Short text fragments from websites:
*** Begin section ***

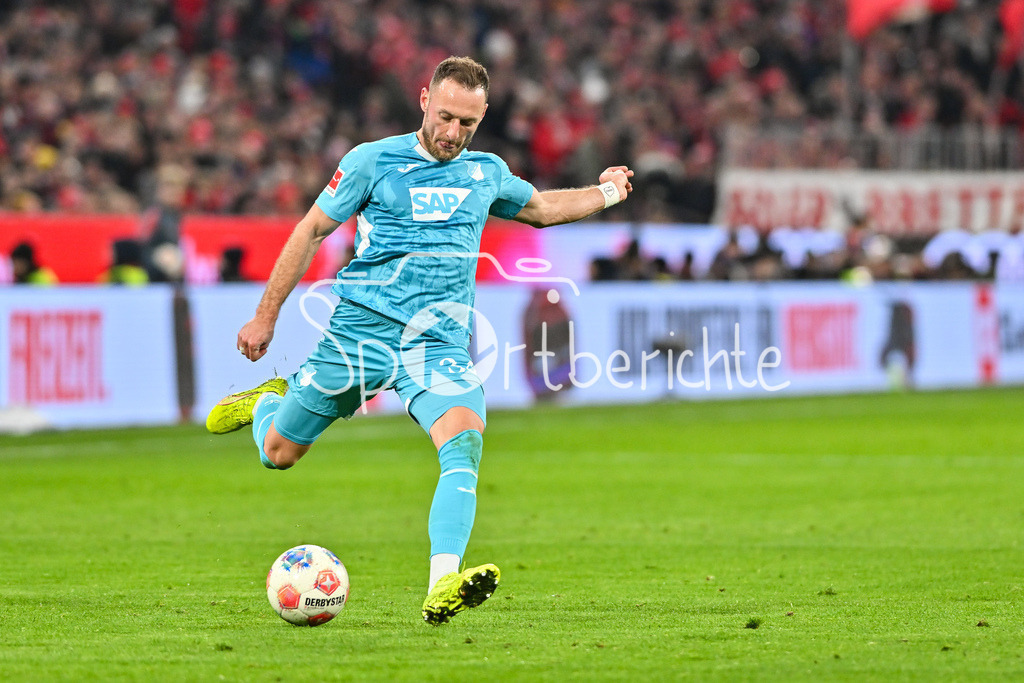 FC Bayern München - TSG 1899 Hoffenheim | MUNICH, GERMANY - 08. FEBRUARY: am Ball Vladimir COUFAL (TSG Hoffenheim 34) / Einzelfoto / Freisteller während dem Bundesligamatch zwischen dem FC Bayern München und der TSG 1899 Hoffenheim am 21. Spieltag in der Allianz Arena / DFL REGULATIONS PROHIBIT ANY USE OF PHOTOGRAPHS AS IMAGE SEQUENCES AND/OR QUASI-VIDEO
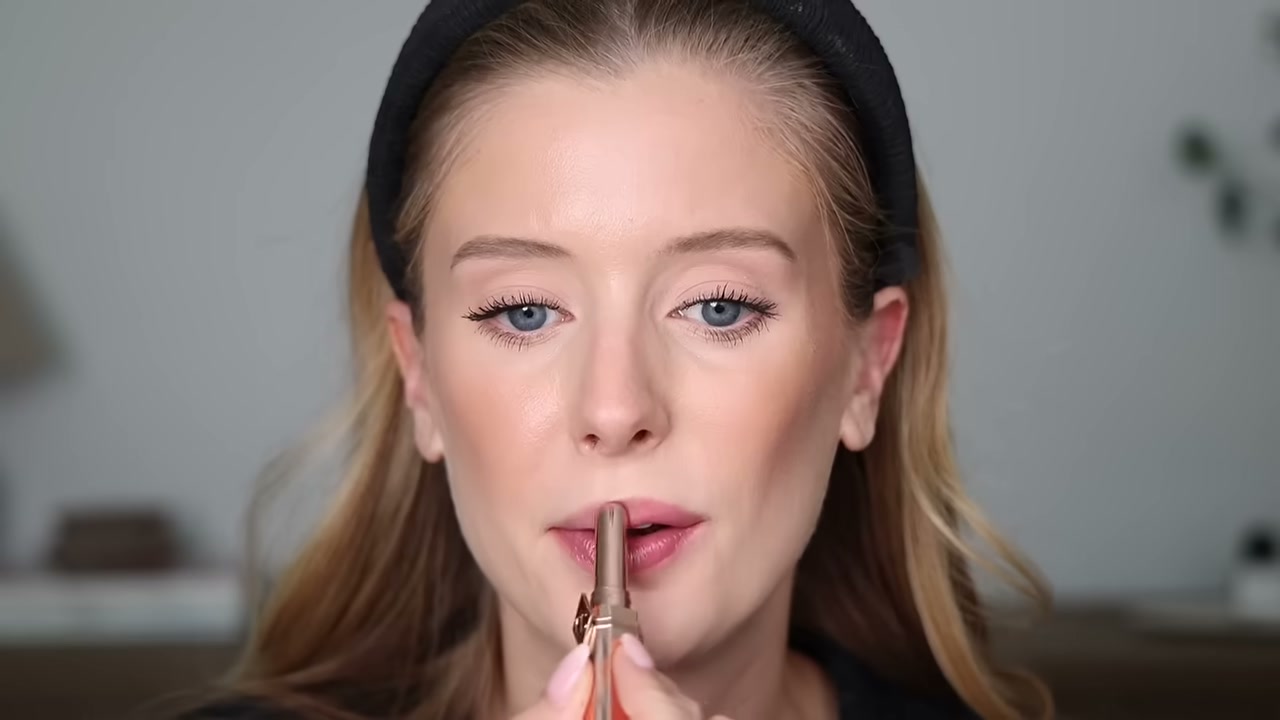 Pillow Talk Long Lasting Blush Balm Sheer Lip Tint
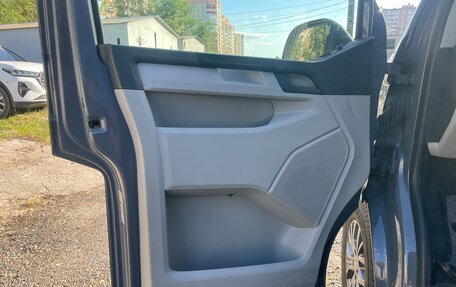 Volkswagen Caravelle T6 рестайлинг, 2019 год, 3 100 000 рублей, 9 фотография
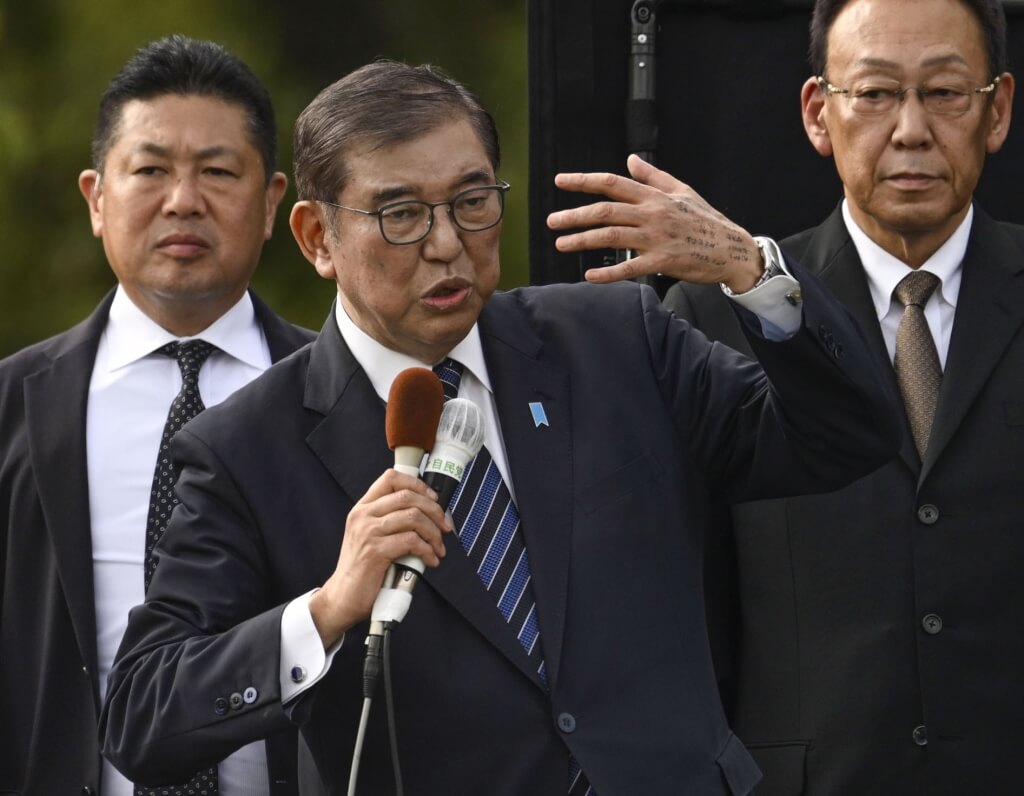 日本眾議院大選:首相官邸前遭撞 日經民調：自民黨可能失去過半席次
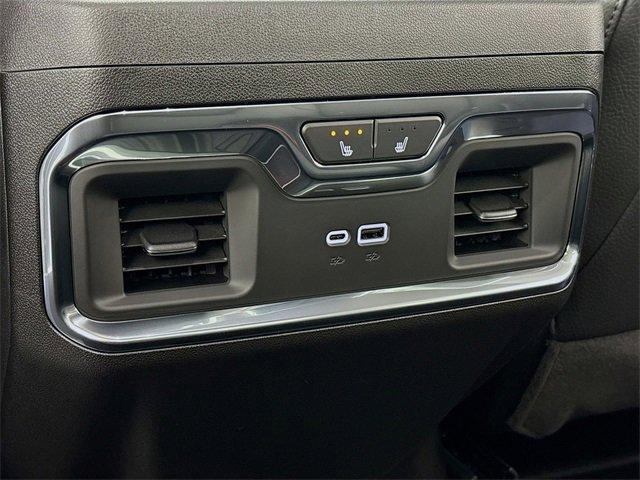 2025 GMC Sierra 3500 HD Vehicle Photo in PUYALLUP, WA 98371-4149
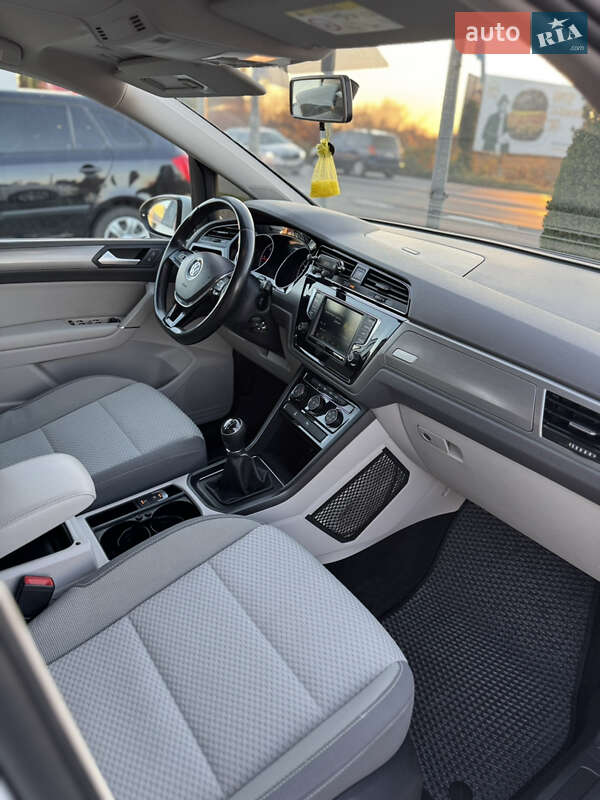 Микровэн Volkswagen Touran 2015 в Виноградове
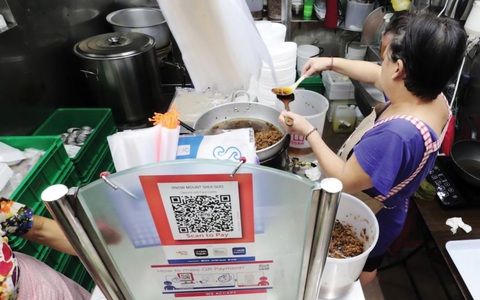 Singapore: Quán ăn bình dân lên mạng - Ảnh 1. Singapore: Quán ăn bình dân lên mạng - Ảnh 1.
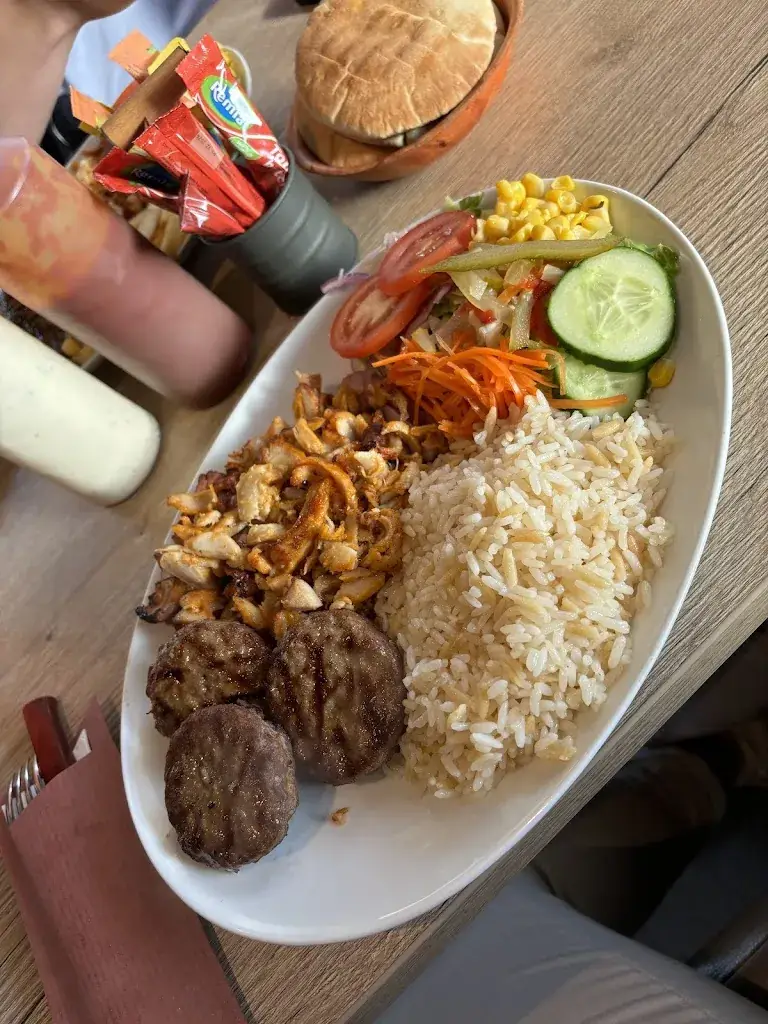 Tarek Autmann_Grill Restaurant Shalom_Voorschoten_review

*** End section ***

▶ WHAT TO PRODUCE:
The copy starts at the line holding "Pillow Talk Long" and ends at the last line of the records above. Transcribe those lines exactly, pictures excluded.

▶ TASK ANSWER:
 Pillow Talk Long Lasting Blush Balm Sheer Lip Tint
 Volkswagen Caravelle T6 рестайлинг, 2019 год, 3 100 000 рублей, 9 фотография
 日本眾議院大選:首相官邸前遭撞 日經民調：自民黨可能失去過半席次
 2025 GMC Sierra 3500 HD Vehicle Photo in PUYALLUP, WA 98371-4149
 Микровэн Volkswagen Touran 2015 в Виноградове
 Singapore: Quán ăn bình dân lên mạng - Ảnh 1. Singapore: Quán ăn bình dân lên mạng - Ảnh 1.
 Tarek Autmann_Grill Restaurant Shalom_Voorschoten_review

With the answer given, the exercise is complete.